I have said this a lot over the years: I think most, if not all Exceptional Stories should have an “exit door” option that lets the player just walk away when - for whatever personal reasons - they find a particular story unpalatable. I have played almost every Exceptional Story ever released in Fallen London and would have used that option maybe only a handful of times or so. But in those cases it would’ve been really really welcome. Because it’s no fun to be forced to click through a story that absolutely does not engage you at all.

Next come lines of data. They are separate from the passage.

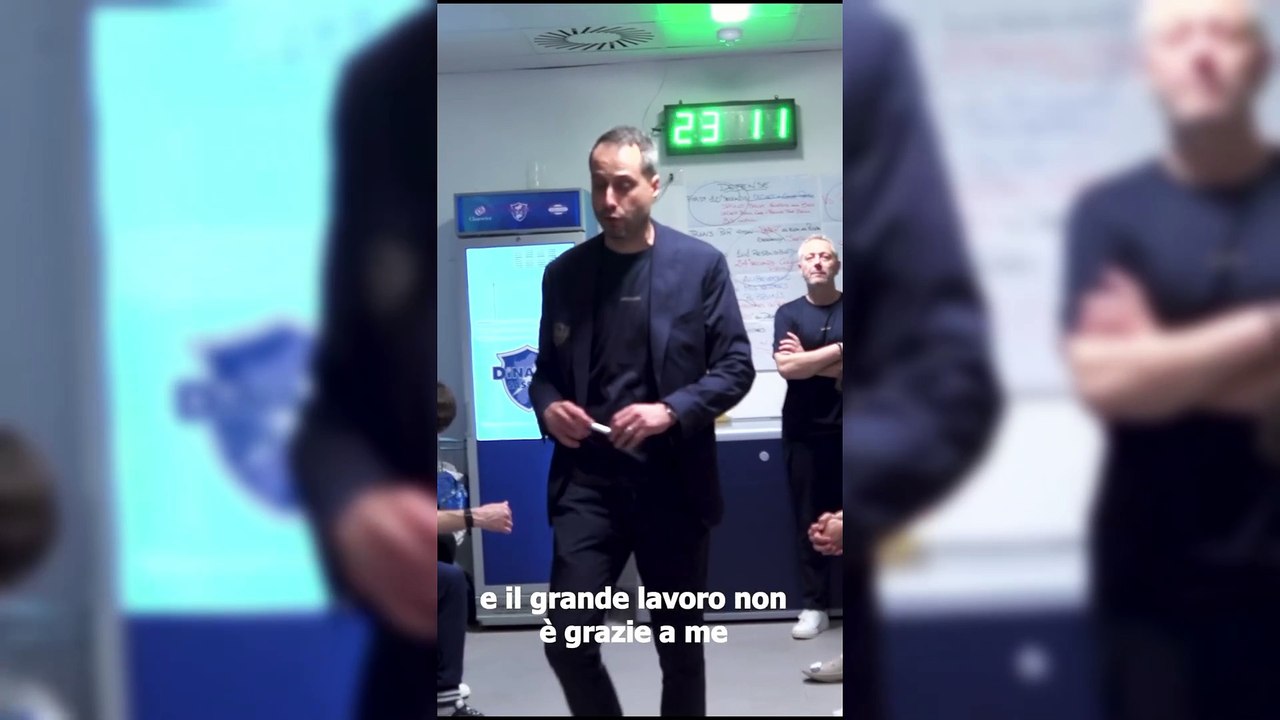 Dinamo, il discorso di coach Bulleri dopo la vittoria è emozionante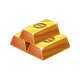 bigger piggy bank gold bars symbol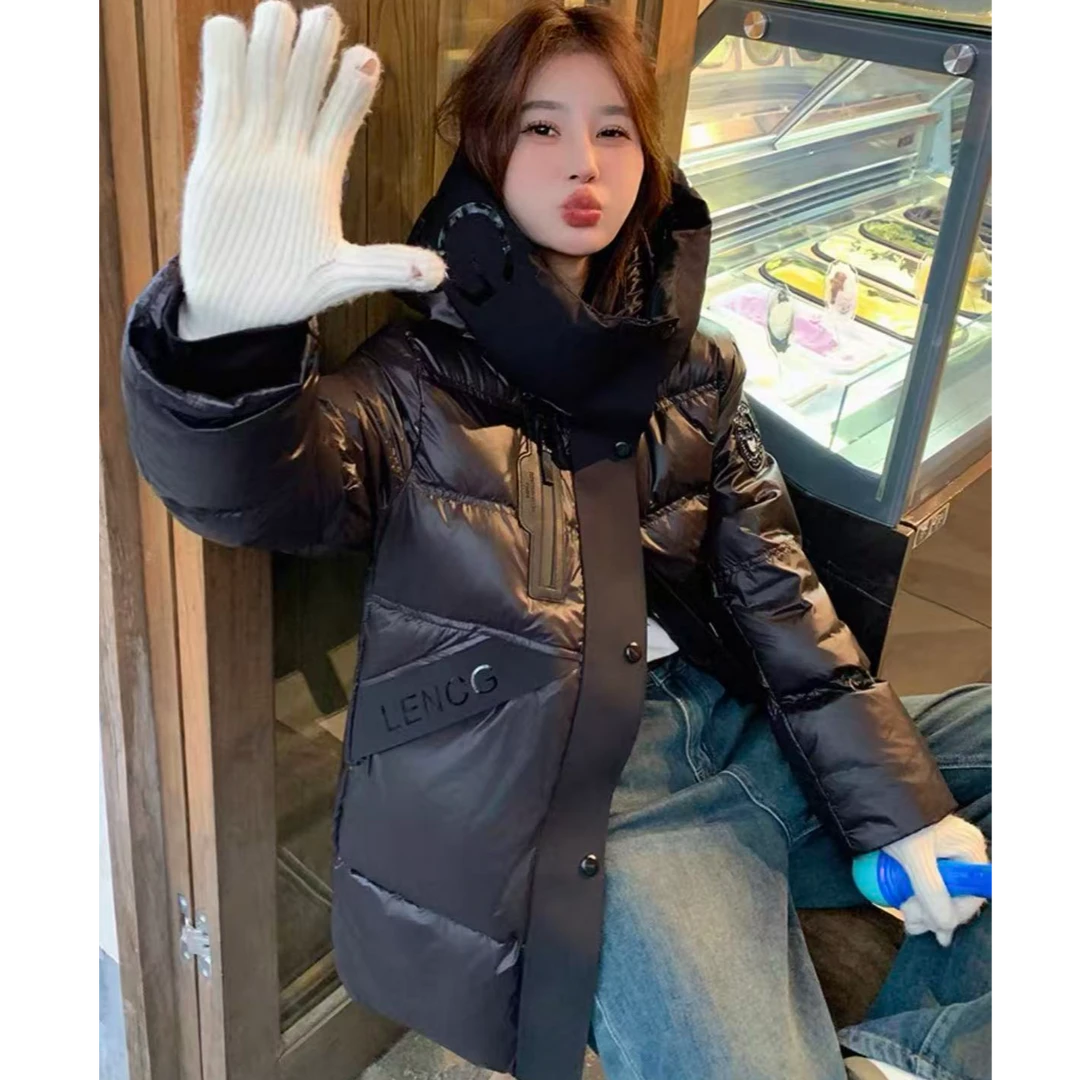 9121-（黑金黑钻）（黑尊）（黑色）羽绒服面包服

The one story I remember having that exit door option was The Pentecost Predicament - well it was actually a Burn-down-the-house-option, but boy did I enjoy it! xD
There was something similar in The Stag and the Shark, where you could opt out of part of the zee voyage and avoid the nastiness of the bound sharks episode.
Similarly, on the Tomb Colonies chapter of the Young Naturalist, it was possible to avoid some of the body horror. I was late come to that, so I don’t know whether it was present in the text from the beginning, or added by FL in response to players. But yes, the option is and would be welcome.
Body horror is actually a big no-no for me, so I’m not enjoying that aspect of Firmament, and I dislike it when it occurs in ESs or in the game proper.
If it helps, I don’t feel like that’s what happened here. Your post wasn’t what led me to go off on a rant, and I am writing an apology for my role in this, too. If it’s okay with everyone, I’m going to sleep on it for a day before I post it.
I haven’t gotten to many of the stories yet, so I’m hesitant to weigh in.
Sometimes I like reading a story where nobody is clearly in the right and no good exit exists. I definitely don’t want every story I read to be like that, or even most stories I read. Still, there a place for them.
Should Fallen London not have stories that are difficult like that? I’d be fine with either yes or no as the answer.
There’s some aspects of the game itself that make this question complicated, the nature of player agency, for example, and conflicts inherent in offering an edited choice. (An edited choice is why I like the game, it’s why I’m here! It’s not an easy thing, though.) I won’t get into any of that in detail, though, not here and now because… well, let me sleep on it for a day.
I actually appreciate, that you brought it up. Evolving discussions are a boon this forum offers that I cherish. The idea of going off topic is a weird ordering fetish the internet developed in it’s early years. Who would bring that up in a face to face conversation? It’s refreshing that this forum is open to this (or unregulated?) and that the user base is a compatible type for that.
I really don’t see why you should. But who am I to tell you what not to do?
Probably because it’s closest to dilemmas we experience personally?
One prominent example in free FL is the story of the heiress, which to this day is one of my favourite storys in the whole game. I might not even be playing the game, were it not for this story.